┏━━
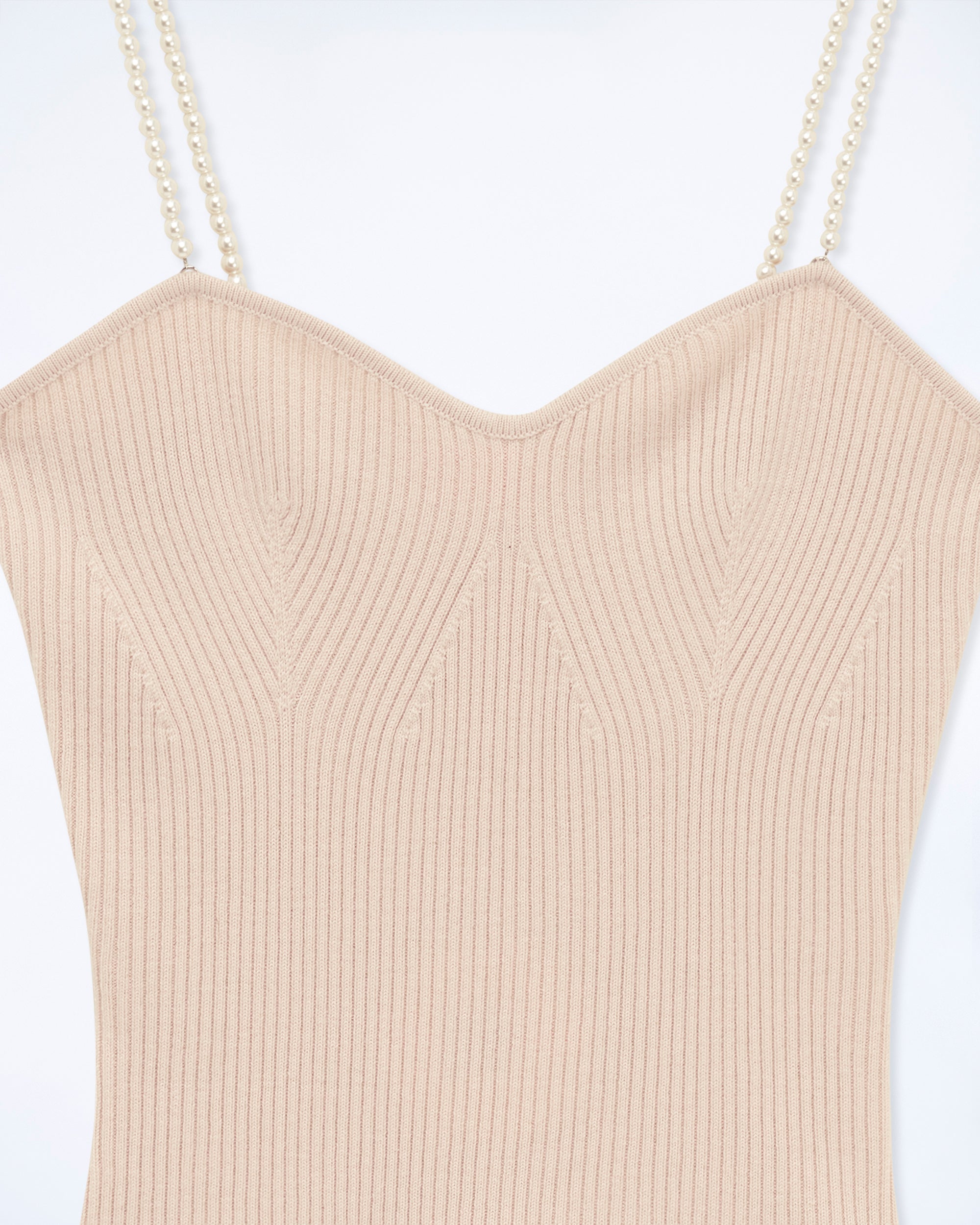 LIGHT BEIGE / DJV / QTY : 2 / Top Débardeur Bretelle Perle - Light Beige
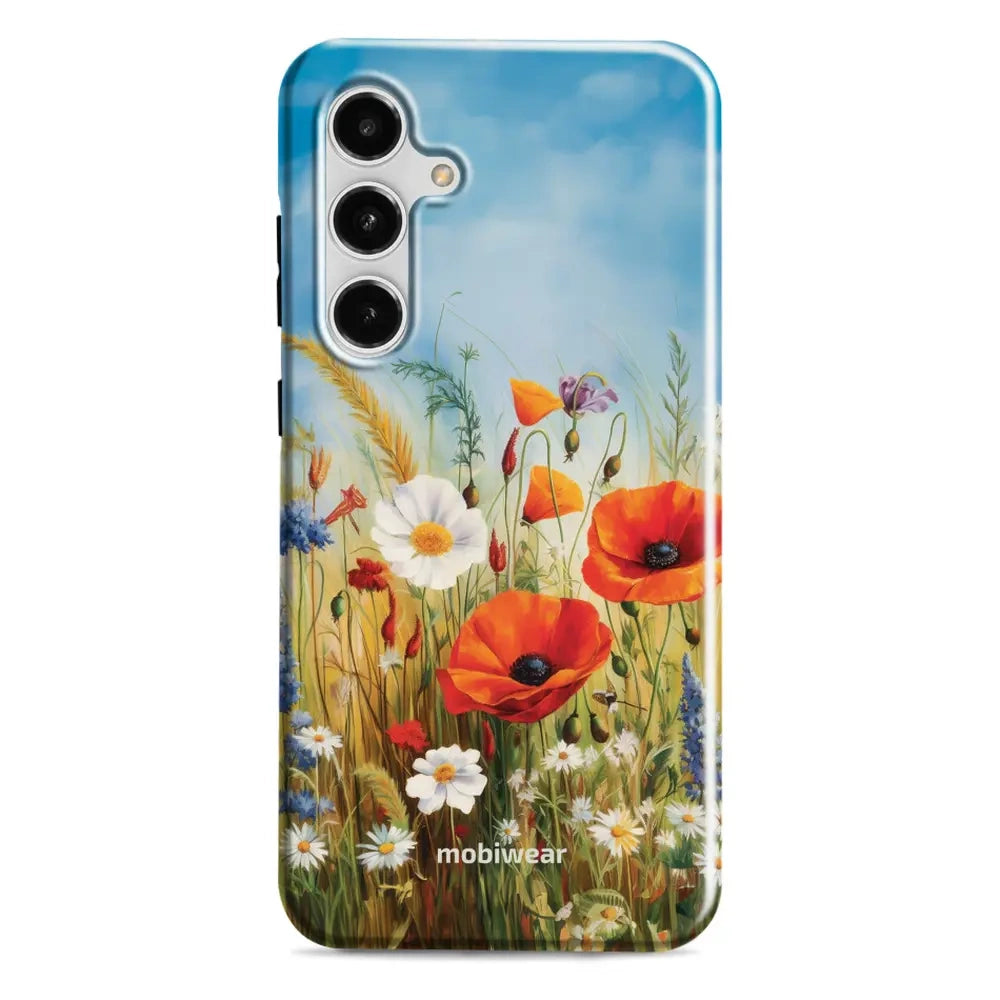 Handyhülle für Galaxy S24 FE, Mobiwear Elite Pro, Wiesenblumen
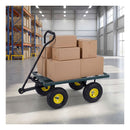 Heavy Duty Metal Garden Cart With Removable Mesh Sides And Bag Green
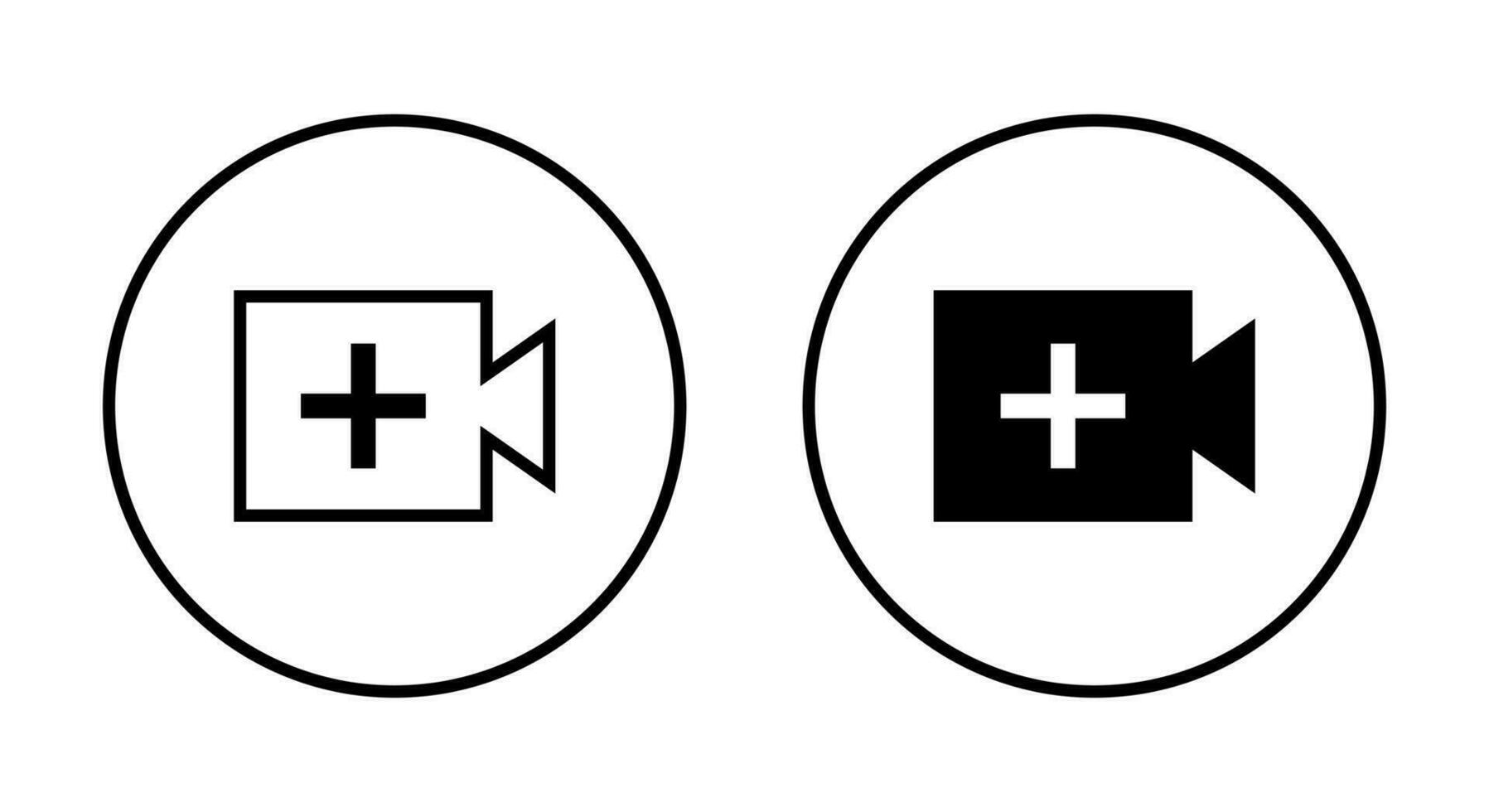 Create video icon vector. Upload videos button isolated on circle background vector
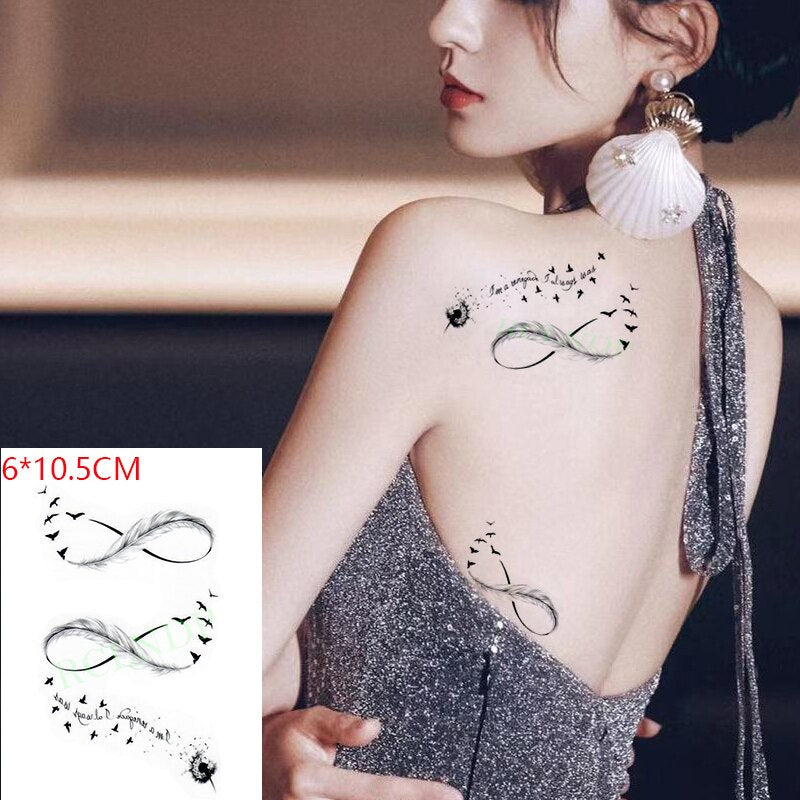 Waterproof Temporary Tattoo Sticker sexy baby&#39;s breath flower tatto small birds gun feather Water Transfer fake flash tatoo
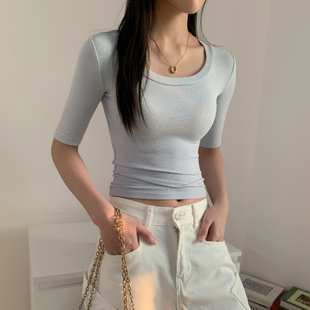 中袖 2026春夏秋季 五分袖 修身 高腰上衣 辣妹纯欲风百搭u领T恤女短款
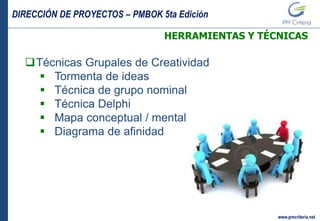 DIRECCIÓN DE PROYECTOS – PMBOK 5ta Edición
www.pmcriteria.net
HERRAMIENTAS Y TÉCNICAS
Técnicas Grupales de Creatividad
 Tormenta de ideas
 Técnica de grupo nominal
 Técnica Delphi
 Mapa conceptual / mental
 Diagrama de afinidad
 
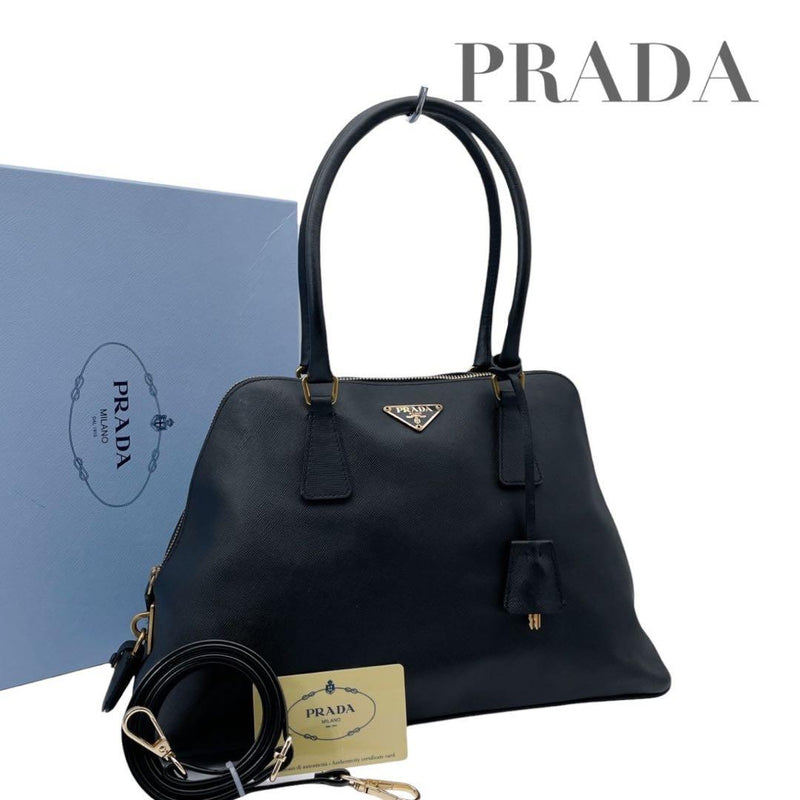 Prada Saffiano Promenade 2WAY Shoulder Bag Leather Nero Black Gold Hardware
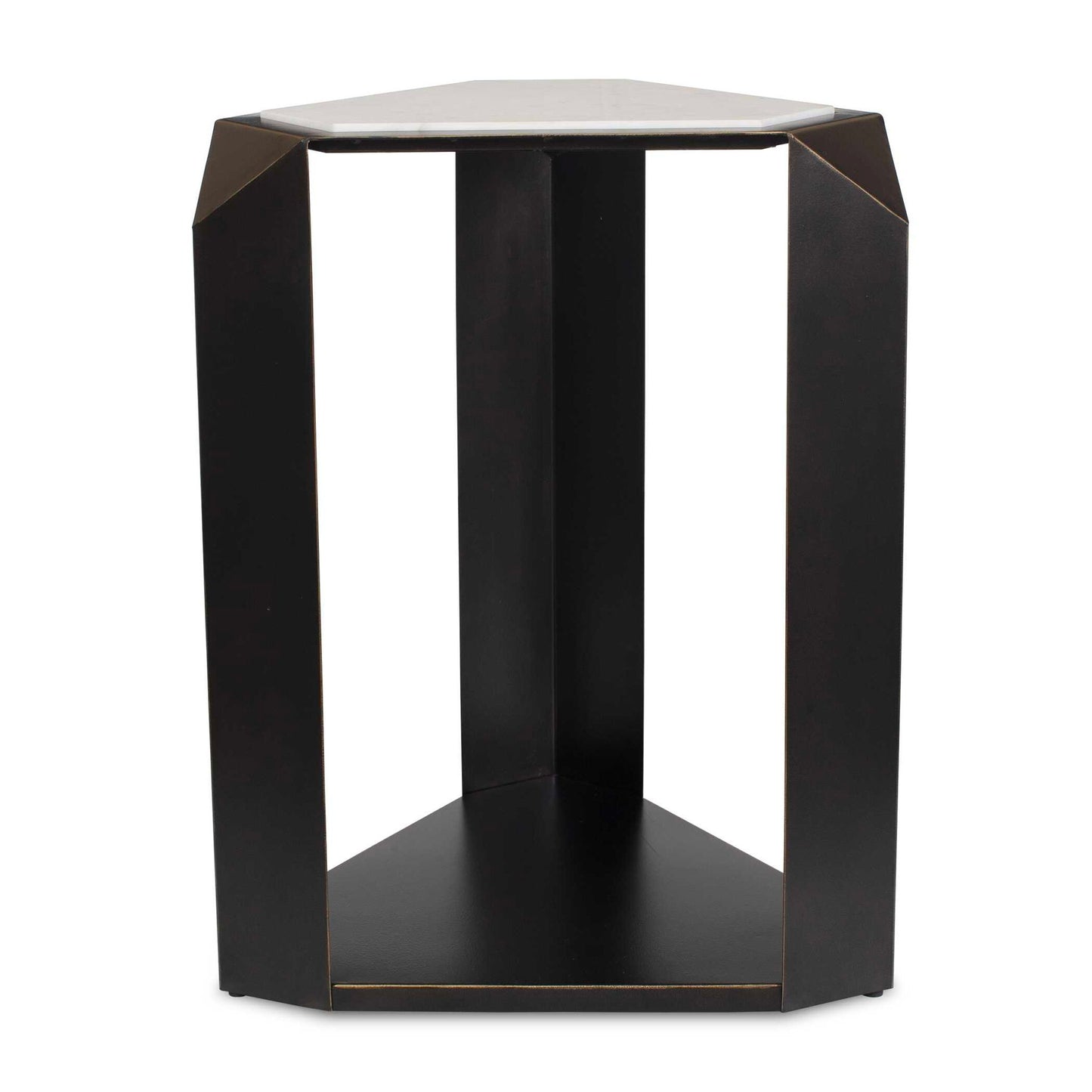 Keenan - Geometric Accent Table - Bronze / White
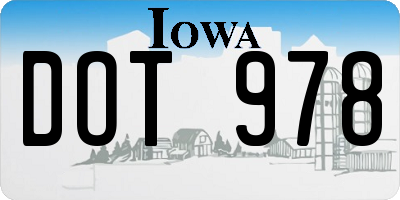 IA license plate DOT978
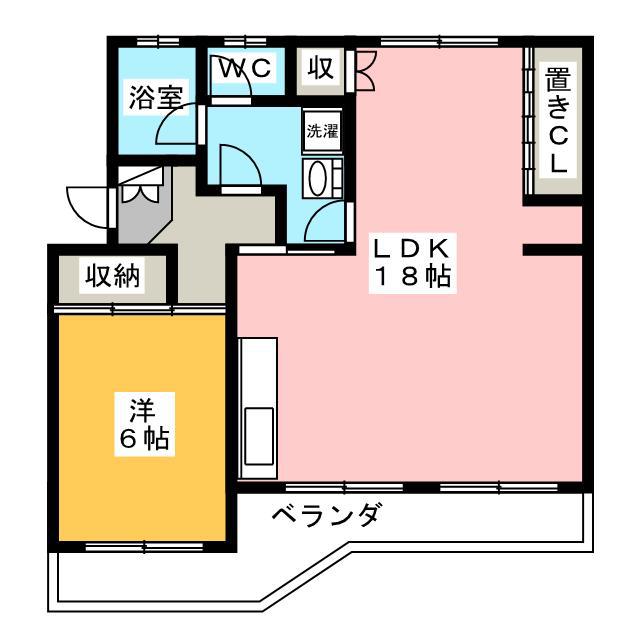 神谷マンション(1LDK/3階)の間取り写真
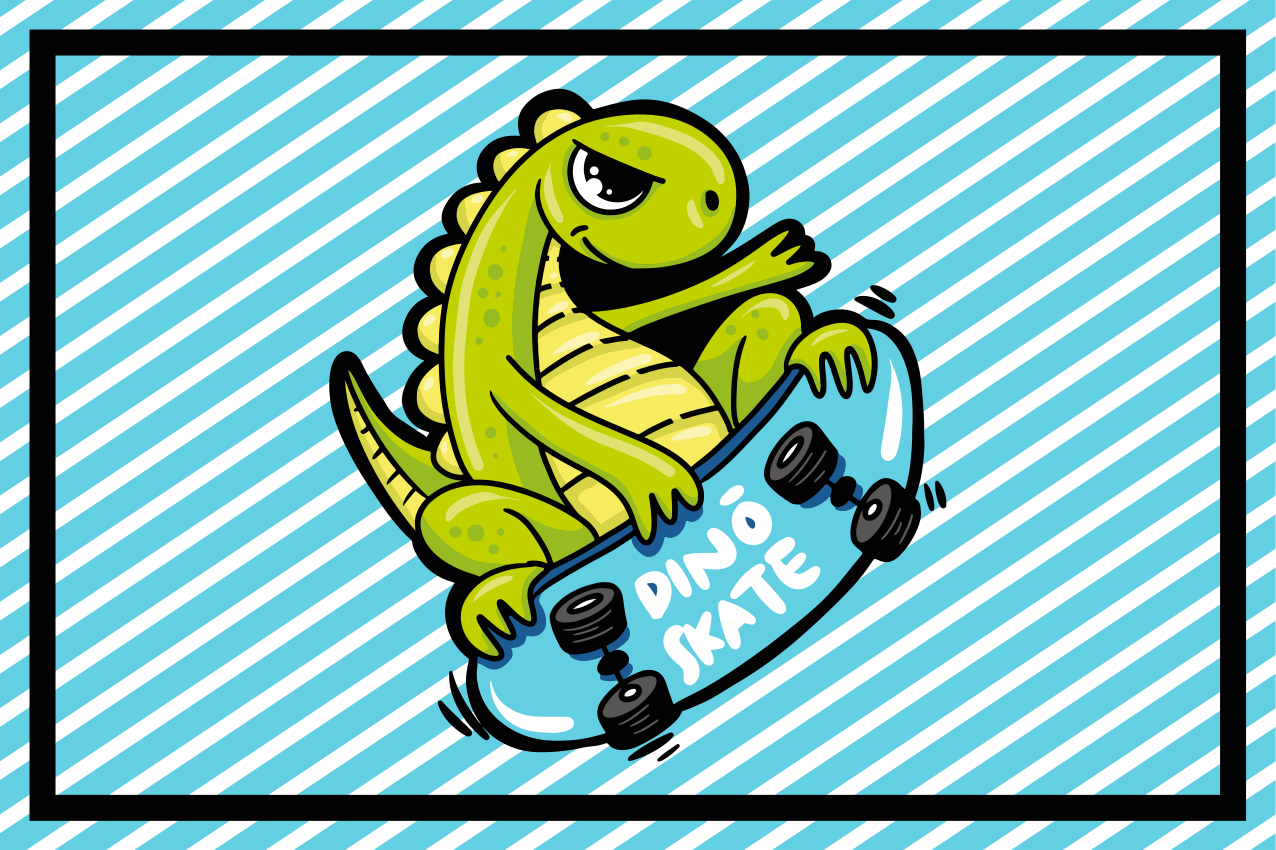 Swag korcsolyázó t-rex rajzfilm eredeti teríték - TenStickers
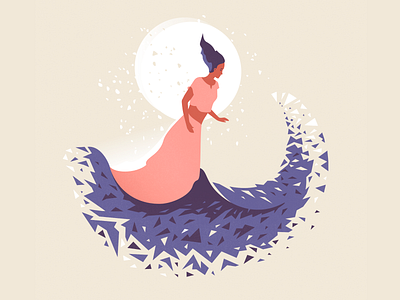 Woman and nature illustration illustration art magic nature ocean poster sun textures vector water wave woman
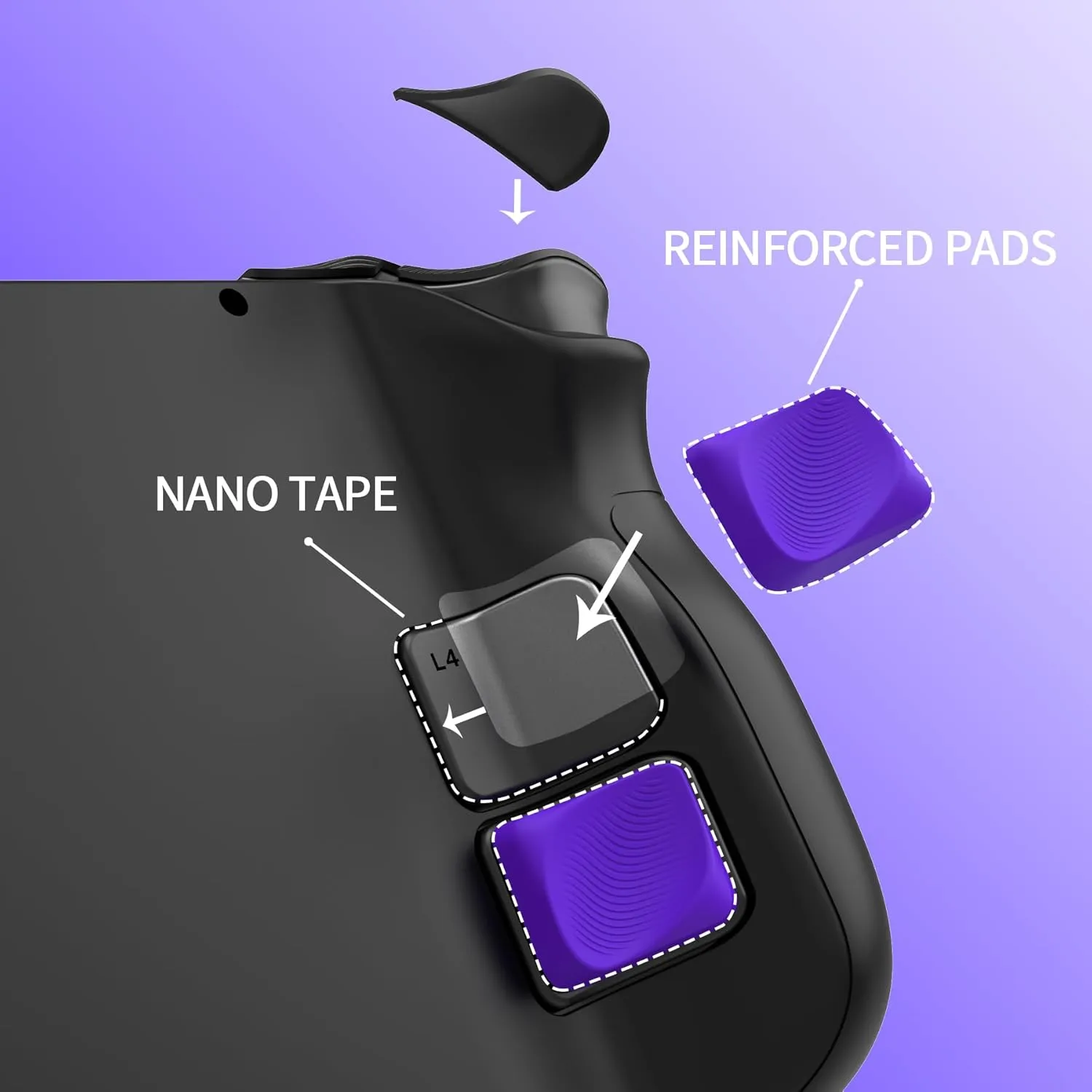 PlayVital Ergonomic Grip Kit for Steam Deck – Silicone Back Button Enhancement Kit & Anti-Slip Trigger Grips – Purple (Compatible with LCD/OLED Models)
┗━━
### TASK TO CARRY OUT:
Copy the lines above between the one holding "www.pmcriteria.net" and the one holding "Woman and nature", inclusive. Drop the pictures.

### TASK RESPONSE:
www.pmcriteria.net
HERRAMIENTAS Y TÉCNICAS
Técnicas Grupales de Creatividad
 Tormenta de ideas
 Técnica de grupo nominal
 Técnica Delphi
 Mapa conceptual / mental
 Diagrama de afinidad
 
 Prada Saffiano Promenade 2WAY Shoulder Bag Leather Nero Black Gold Hardware
 Keenan - Geometric Accent Table - Bronze / White
 IA license plate DOT978
 神谷マンション(1LDK/3階)の間取り写真
 Swag korcsolyázó t-rex rajzfilm eredeti teríték - TenStickers
 Woman and nature illustration illustration art magic nature ocean poster sun textures vector water wave woman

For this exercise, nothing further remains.